◆ **Your assignment**:
Beginning with the line containing "Hello and welcome" and ending at the last line of the data, set down every line exactly, leaving out all pictures.

---------- Provided data ----------

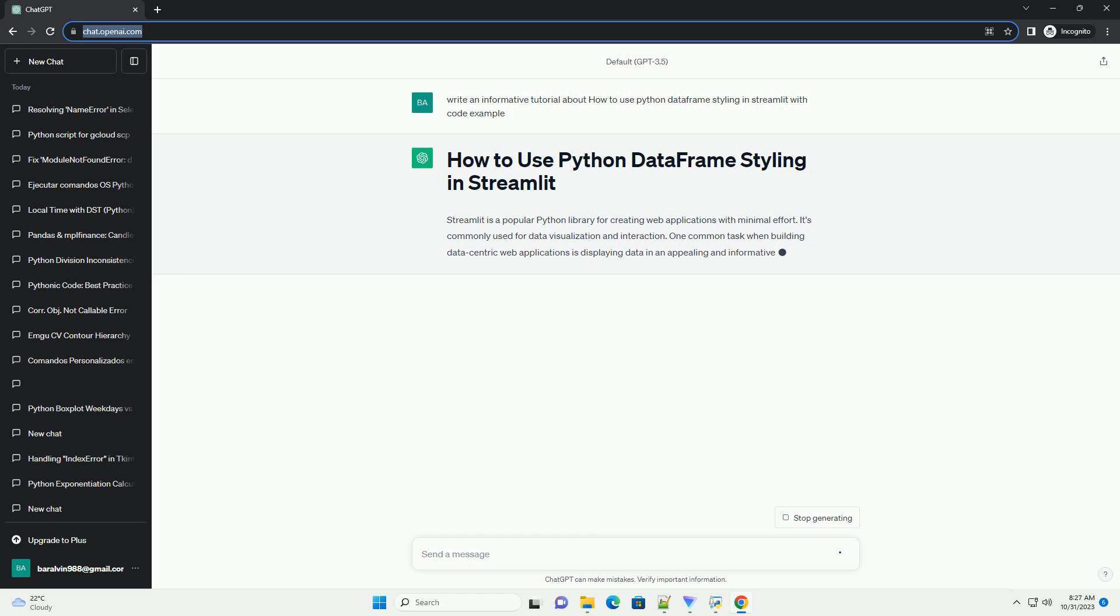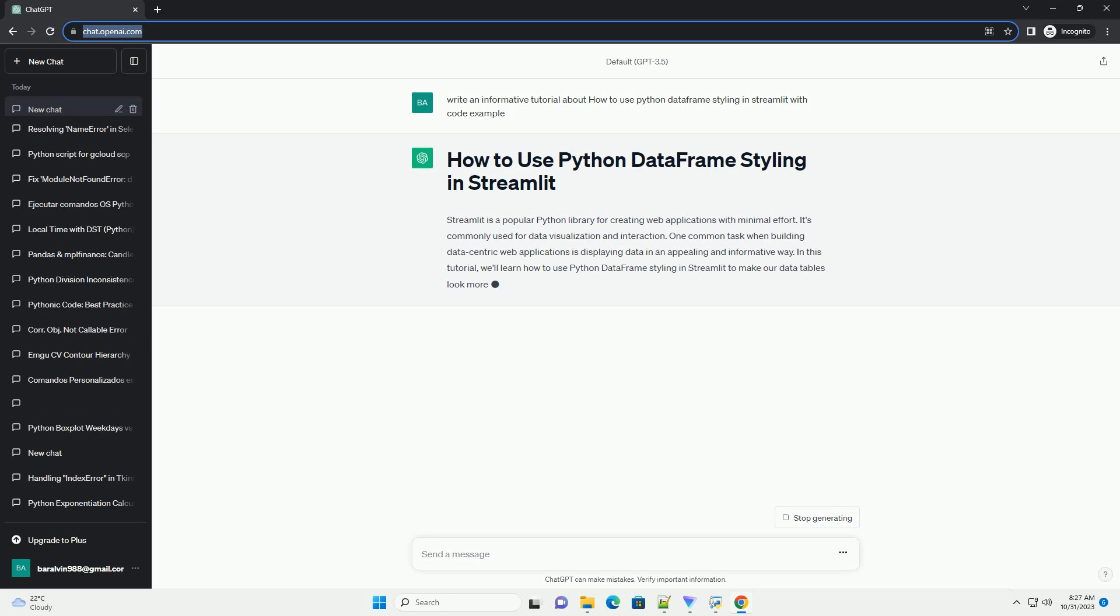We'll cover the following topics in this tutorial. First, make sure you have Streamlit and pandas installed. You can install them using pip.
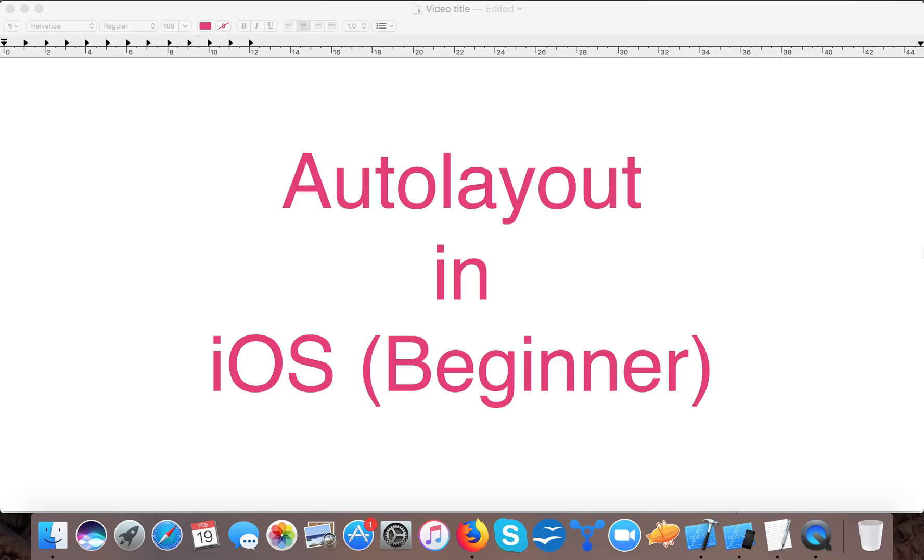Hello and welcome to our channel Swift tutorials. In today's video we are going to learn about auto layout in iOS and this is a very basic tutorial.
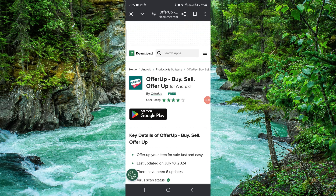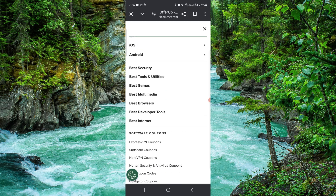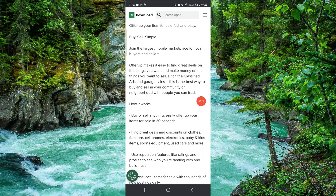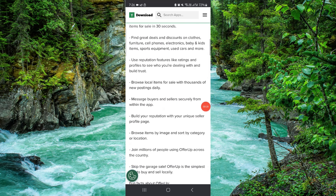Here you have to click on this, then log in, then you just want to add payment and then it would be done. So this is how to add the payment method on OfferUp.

----------

◆ **Expected answer**:
Hello and welcome to our channel Swift tutorials. In today's video we are going to learn about auto layout in iOS and this is a very basic tutorial.
Here you have to click on this, then log in, then you just want to add payment and then it would be done. So this is how to add the payment method on OfferUp.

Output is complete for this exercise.